▶ **AIM OF THE TASK**:
Begin at the top of the records below and print each line exactly until the line containing "Vettore gratuito illustrazione" has been printed; any pictures are to be left out.
==== DATA PROVIDED
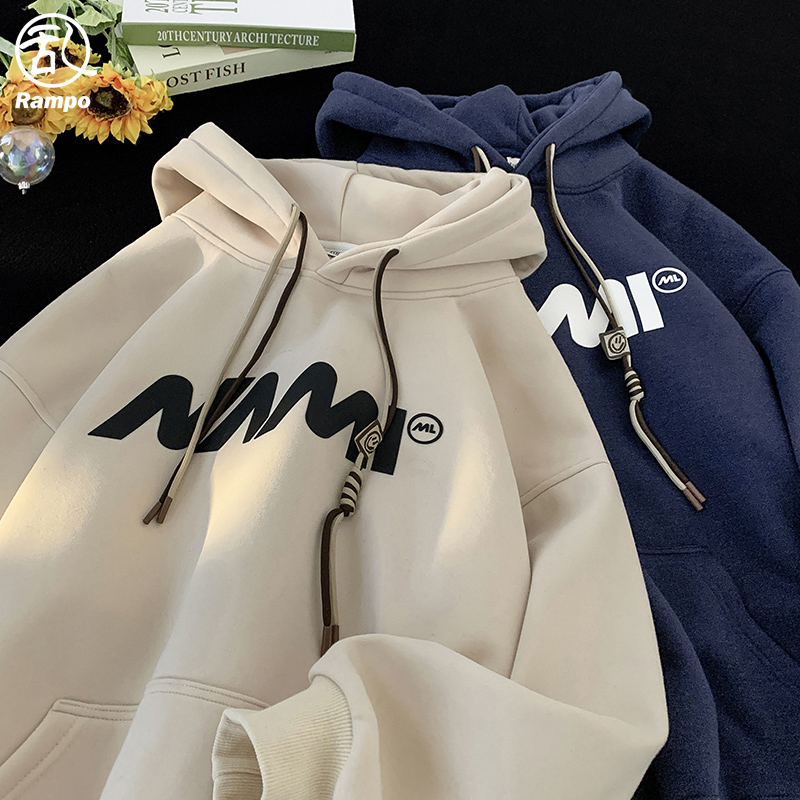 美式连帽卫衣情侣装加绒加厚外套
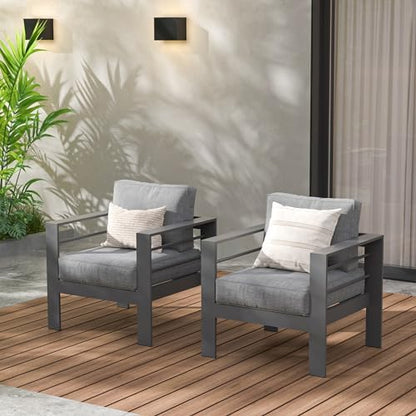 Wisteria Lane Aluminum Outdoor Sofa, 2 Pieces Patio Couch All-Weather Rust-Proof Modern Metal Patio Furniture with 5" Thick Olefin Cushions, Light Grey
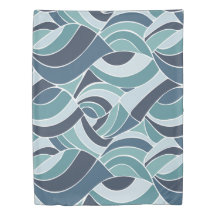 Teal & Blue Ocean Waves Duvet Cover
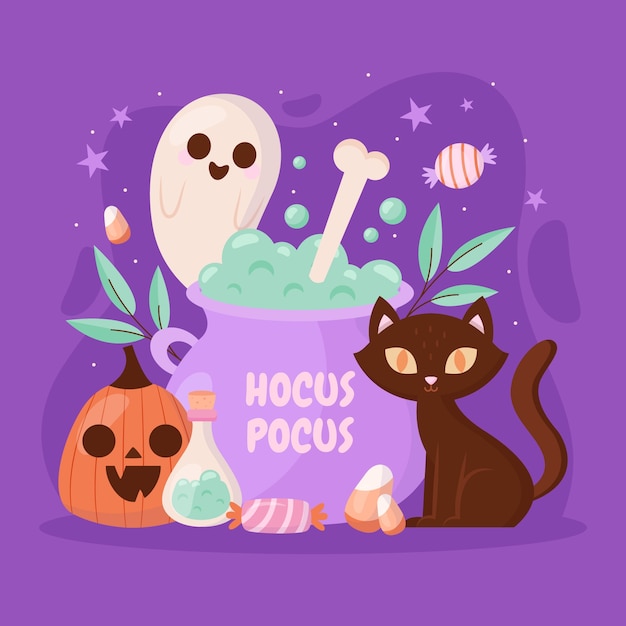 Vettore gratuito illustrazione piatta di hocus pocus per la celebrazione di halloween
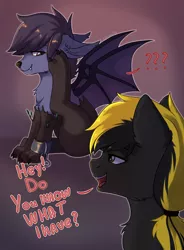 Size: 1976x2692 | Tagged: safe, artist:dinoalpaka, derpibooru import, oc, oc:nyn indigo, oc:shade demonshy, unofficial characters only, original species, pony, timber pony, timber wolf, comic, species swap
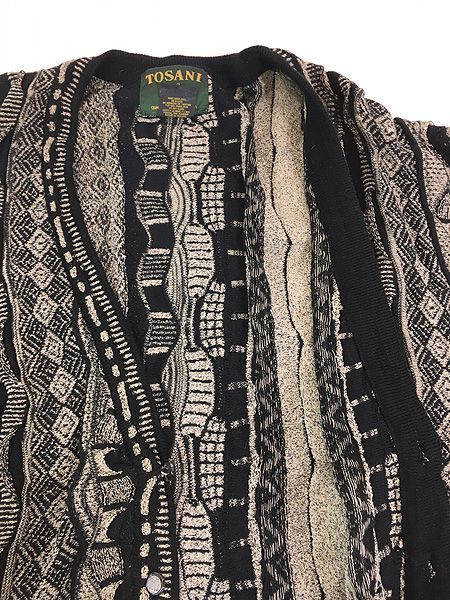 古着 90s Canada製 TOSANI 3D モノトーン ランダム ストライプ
========
▶ **YOUR SOLUTION**:
 美式连帽卫衣情侣装加绒加厚外套
 Wisteria Lane Aluminum Outdoor Sofa, 2 Pieces Patio Couch All-Weather Rust-Proof Modern Metal Patio Furniture with 5" Thick Olefin Cushions, Light Grey
 Teal & Blue Ocean Waves Duvet Cover
 Vettore gratuito illustrazione piatta di hocus pocus per la celebrazione di halloween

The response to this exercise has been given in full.